= Beginning of Section =

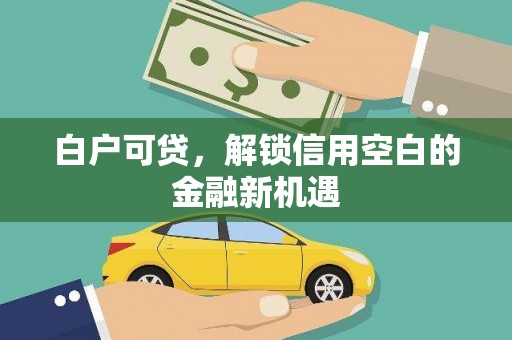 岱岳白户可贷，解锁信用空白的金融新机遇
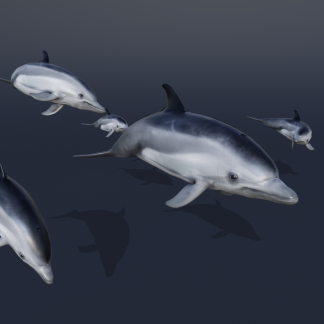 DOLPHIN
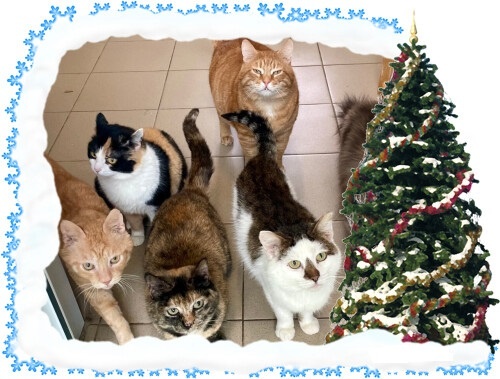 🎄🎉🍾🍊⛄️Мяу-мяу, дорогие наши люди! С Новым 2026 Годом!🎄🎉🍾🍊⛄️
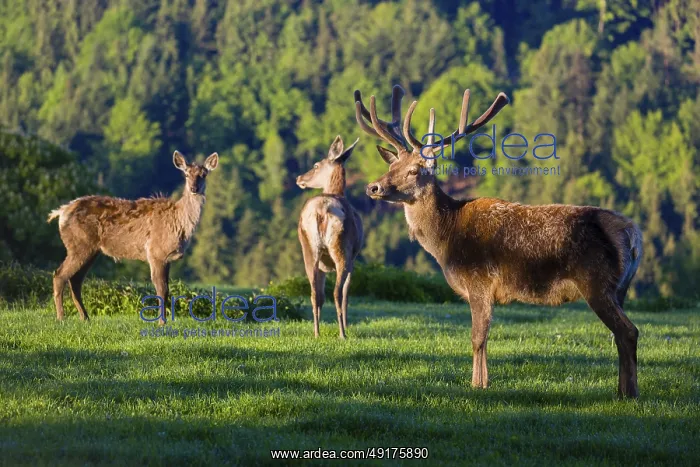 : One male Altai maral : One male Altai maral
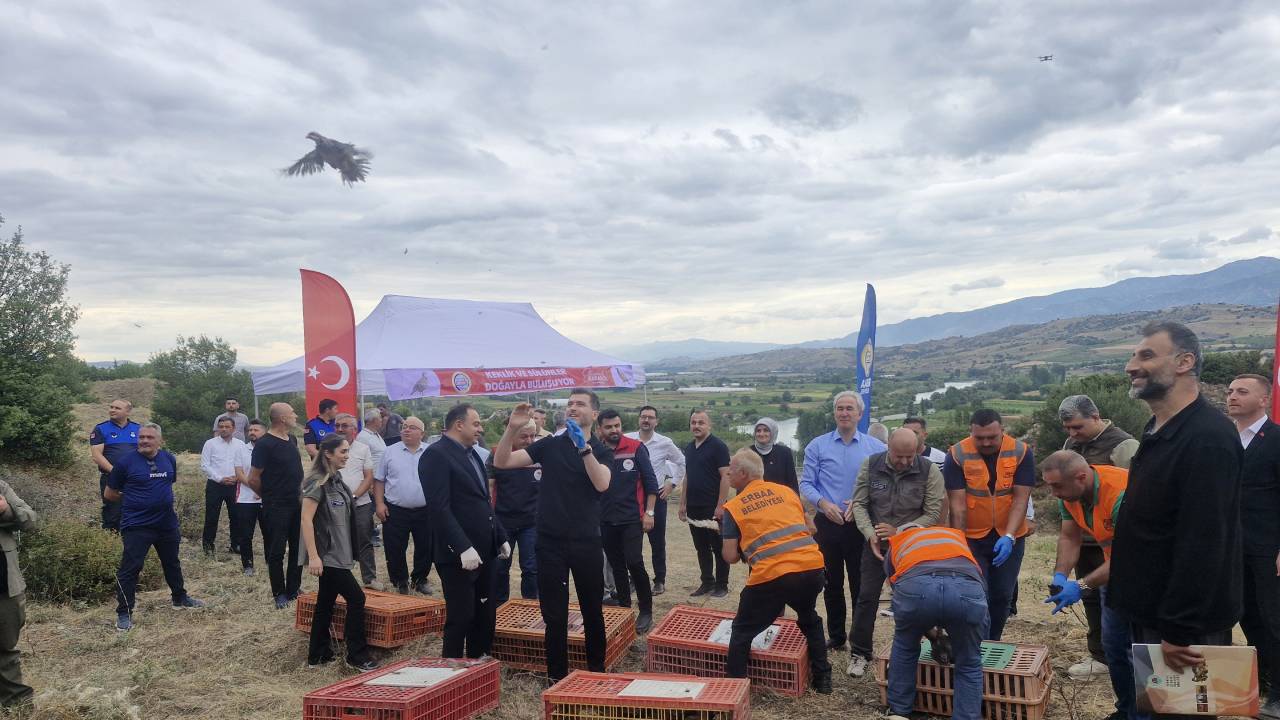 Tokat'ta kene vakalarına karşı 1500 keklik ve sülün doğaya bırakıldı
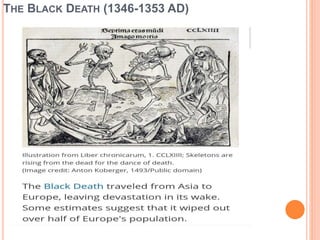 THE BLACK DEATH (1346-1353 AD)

= End of Section =

● What the exercise asks
Retype all the data exactly. Omit pictures.

● Exercise result
 岱岳白户可贷，解锁信用空白的金融新机遇
 DOLPHIN
 🎄🎉🍾🍊⛄️Мяу-мяу, дорогие наши люди! С Новым 2026 Годом!🎄🎉🍾🍊⛄️
 : One male Altai maral : One male Altai maral
 Tokat'ta kene vakalarına karşı 1500 keklik ve sülün doğaya bırakıldı
 THE BLACK DEATH (1346-1353 AD)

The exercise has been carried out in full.